Last week Breitbart reported that most of Arizona’s 222 active TB cases among resettled refugees over the past two decades were caused by latent TB infections that advanced to active TB disease. A fact sheet from Arizona’s Department of Health states that the cases were “caused by latent tuberculosis infections that became active after years or even decades of lying dormant.” The department urges people with latent TB infection to “complete an entire course of medication” to prevent possible activation.
Truman said advancement from latent TB to active TB is not typical in Vermont cases.
“Many people who have latent TB infection never develop TB disease. In these people, the TB bacteria remain inactive for a lifetime without causing disease,” he said. “The TB incidence in Vermont is low at 1.11 cases per 100,000 (2015), which is less than the national average of 3.0 cases per 100,000.”
Refugee resettlement is facing fresh scrutiny after President Obama pledged to admit 100,000 refugees to the United States, up from the prior cap of 70,000. As distinguished from immigrants, refugees are people who have fled their countries due to war or persecution.
State Refugee Coordinator Denise Lamoureux said Vermont plans to admit 350 refugees this year. One hundred refugees may be placed in Rutland, where Mayor Chris Louras is facing a backlash from residents for hiding the city’s resettlement plans from the public.
Refugees may be entitled to multiple years of taxpayer-funded medical, cash and social assistance. Assistance benefits range from Medicaid and Temporary Assistance for Needy Families to job preparation and placement. Funding for Vermont’s refugee resettlement program comes from federal grants distributed to the Vermont Agency of Human Services and the the U.S. Committee for Refugees and Immigrants.

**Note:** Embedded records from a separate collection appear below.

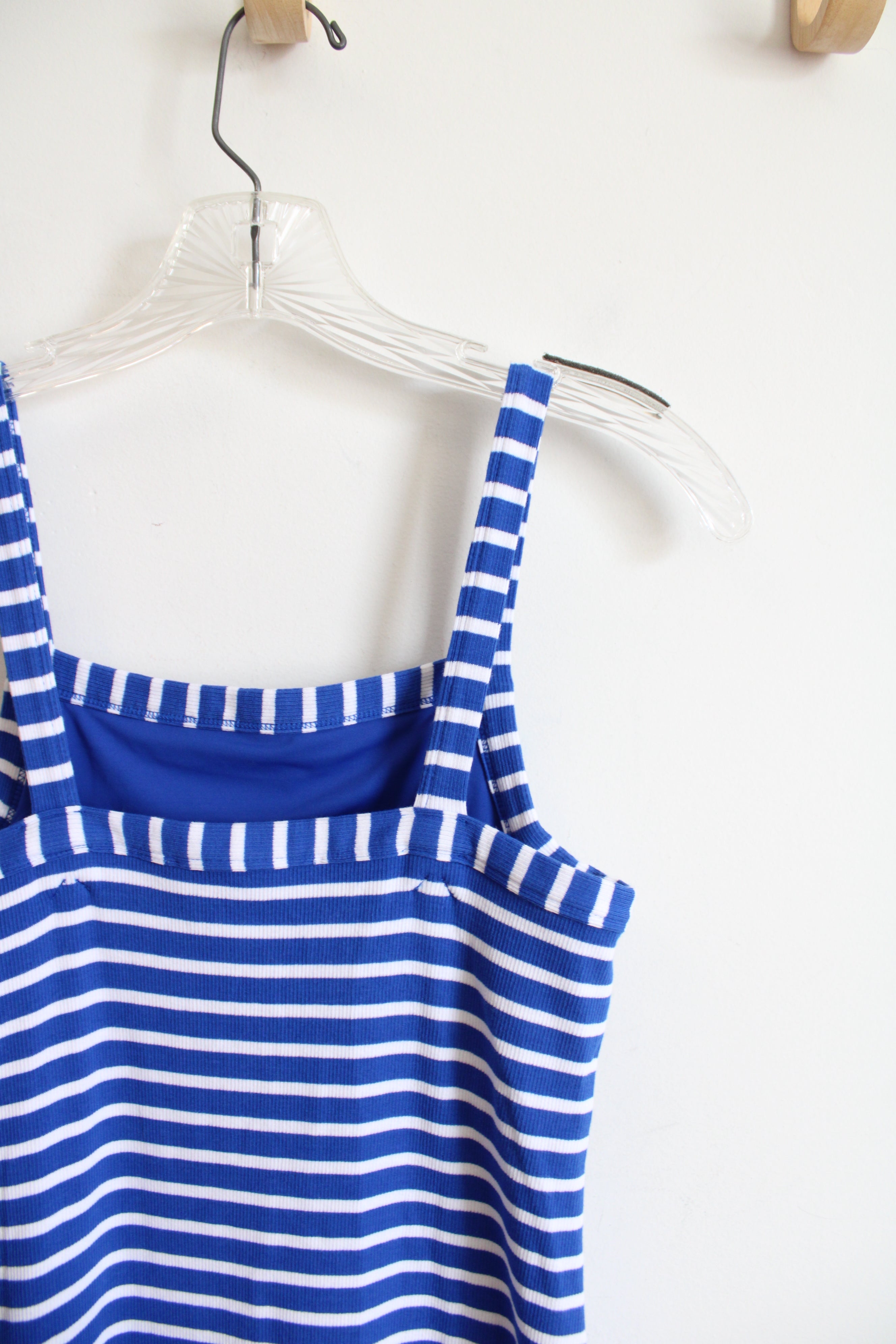 LOFT Blue & White Striped Ribbed Knit Fitted Dress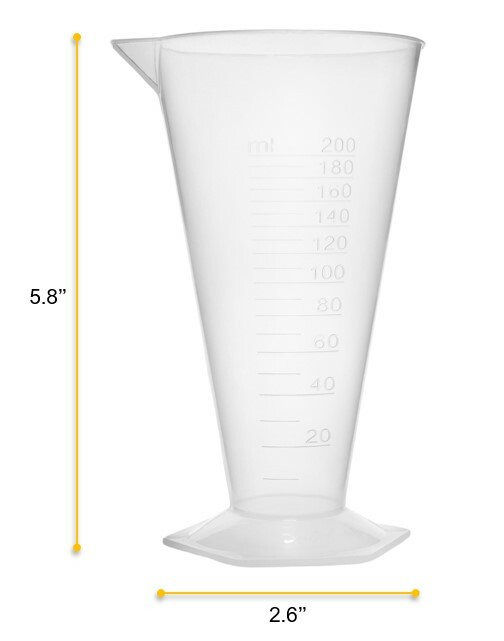 Conical Measure, 200ml - Polypropylene Plastic, Translucent - Eisco Labs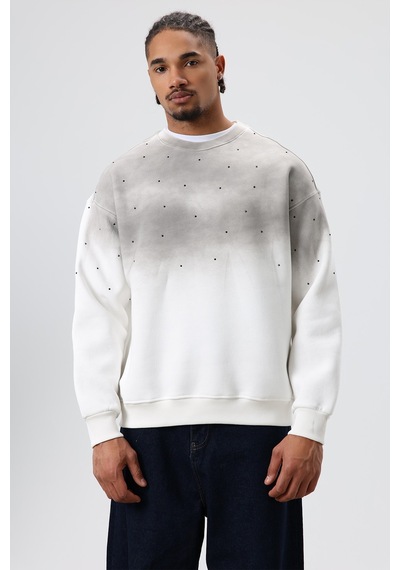 Vamos Yıkamalı Taş Detaylı Oversize Sweatshirt Ekru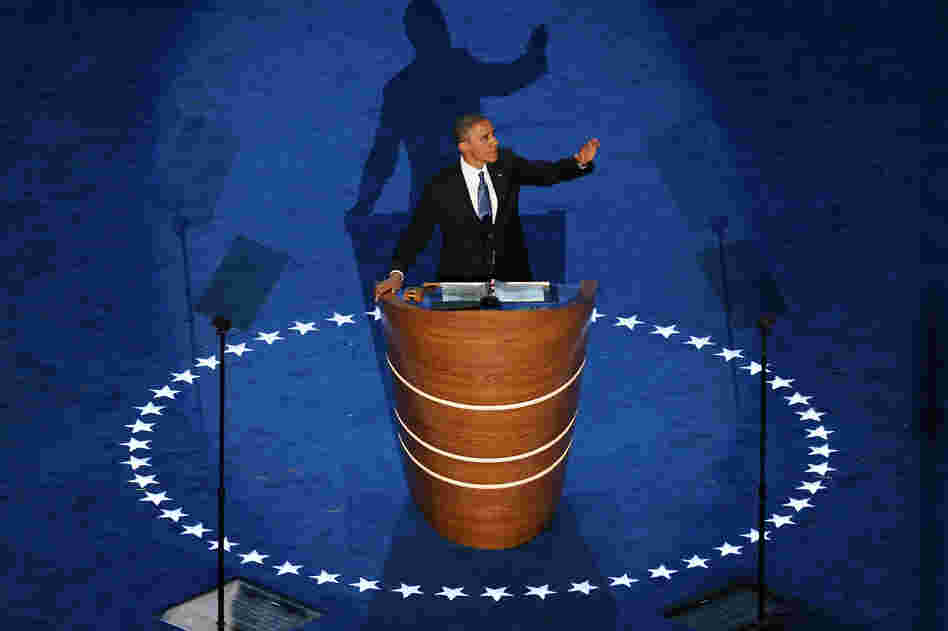 President Obama accepts the Democratic nomination for president at Time Warner Cable Arena on Thursday.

Lamoureux said the current year funding is in line with the 2013-2014 funding grants, except that cash and medical assistance expenses dropped by about $350,000, due to lower refugee medical assistance costs following the Affordable Care Act and Medicaid expansion. She added that social services allocations are down to $195,737 for fiscal year 2016.
While Truman didn’t say how the Health Department was handling active TB cases among Vermont’s refugees, a single active TB case for a teacher at Charlotte Central School in 2015 led the department to test about 500 students and coworkers. Test results found that 19 children and two adults had become infected with latent TB.